On Monday, a second annual Vesak celebration was held at the White House honoring the birth, enlightenment, and death of the Buddha.
The White House shared a statement from US president Joe Biden on Monday and held its second annual celebration in recognition of Vesak, a Buddhist holiday that celebrates the birth, enlightenment, and passing of the Buddha. The statement from President Biden reads:
Jill and I extend warm wishes to Buddhists in the United States and around the world as they celebrate Vesak. This sacred day is a time to reflect on the Buddha’s teachings, including the need to work for peace and justice, recognize our common humanity, respect and preserve the nature that surrounds us, and cultivate humility and compassion. The Buddha taught that we are but guests visiting this world, and for over 2,500 years, those who adhere to these teachings have enriched and strengthened this world we share. As we mark Vesak, we honor the American Buddhists who contribute so much to our country and advance our common values.
This year’s ceremony at the White House marks its second annual Vesak celebration, with the first held in 2021. According to a press release from the International Buddhist Association of America (IBAA), Second Gentleman Mr. Douglas Emhoff presided over the ceremony along with White House staffers who are committed Buddhists.
In attendance were Wangmo Dixey, President of IBAA, Matt Regan, Ven. Ajahn Thanat Inthisan representing the Theravada tradition of India and South East Asia, Ven. Dr. Jinwol Lee representing the Mahayana school of Korea, and Ven. Khenpo Tsultrim Tenzin representing the Vajrayana tradition of the Himalayan regions. This year, the first bhikkhuni to take part in the ceremony, Venerable Wol, was also in attendance representing the Mahayana school of Korea.
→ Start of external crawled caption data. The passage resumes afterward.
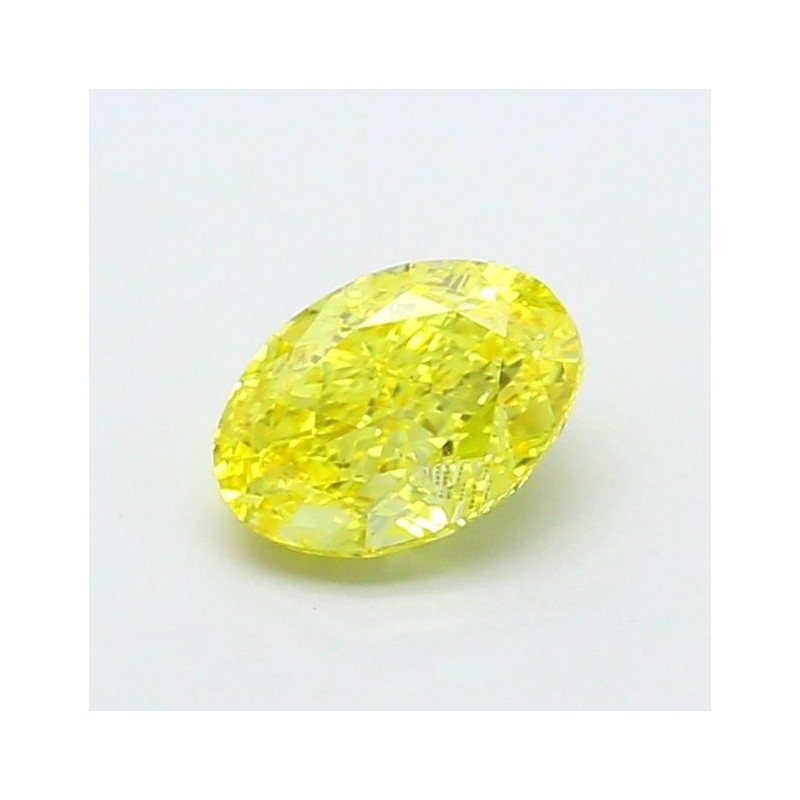 Diament laboratoryjny o barwie fantazyjnej szlif owalny, 1ct, VVS2, Fancy Vivid Yellow, IGI LG700518396 Diament laboratoryjny o barwie fantazyjnej szlif owalny, 1ct, VVS2, Fancy Vivid Yellow, IGI LG700518396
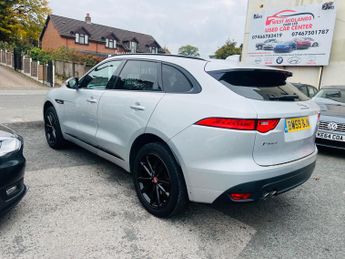 Jaguar F-PACE 2.0 D180 R-Sport Auto AWD Euro 6 (s/s) 5dr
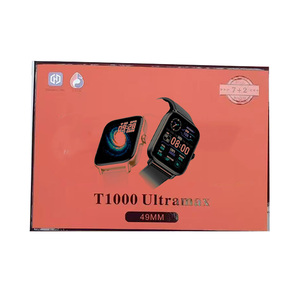 2025 T1000 Ultramax Phù Hợp Với 7 in1 Thông Minh Đồng Hồ Với Earbuds Tai Nghe Reloj Thời Trang Ban Nhạc Smartwatch T1000Ultra Max Cho Điện Thoại Di Động - Product Image 2
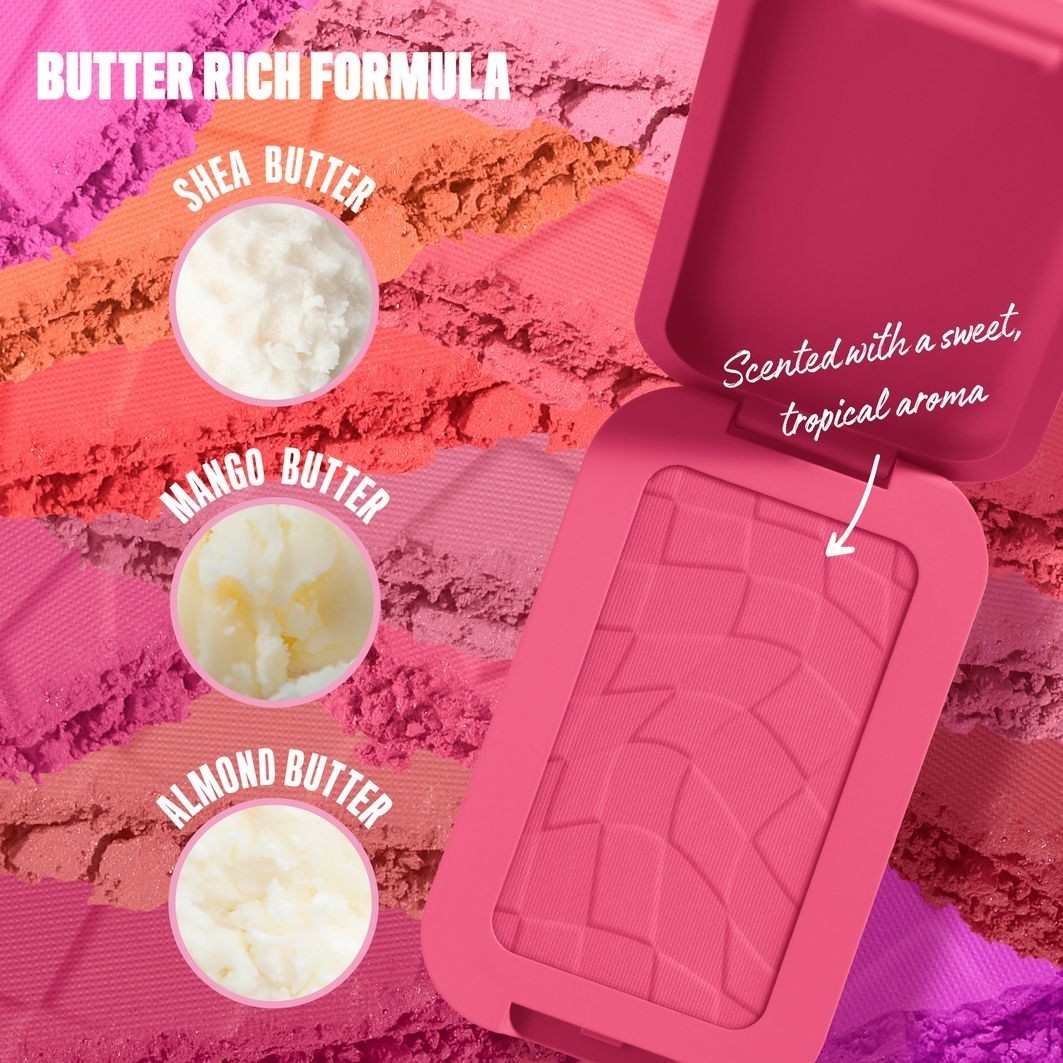 NYX Professional Makeup rumenilo Buttermelt rumenilo - 5 g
“It is wonderful to have representatives of all the Buddhist traditions in America gather for a second time in the White House to offer prayers for world peace and inner harmony,” Wangmo Dixey commented in IBAA’s press release. “In these difficult times, it is of great value to be able to gather in this way, not only on behalf of Buddhists in America, but on behalf of Buddhists worldwide and for all sentient beings. I am sure it will be a cause for great celebration and happiness in communities all over the globe.”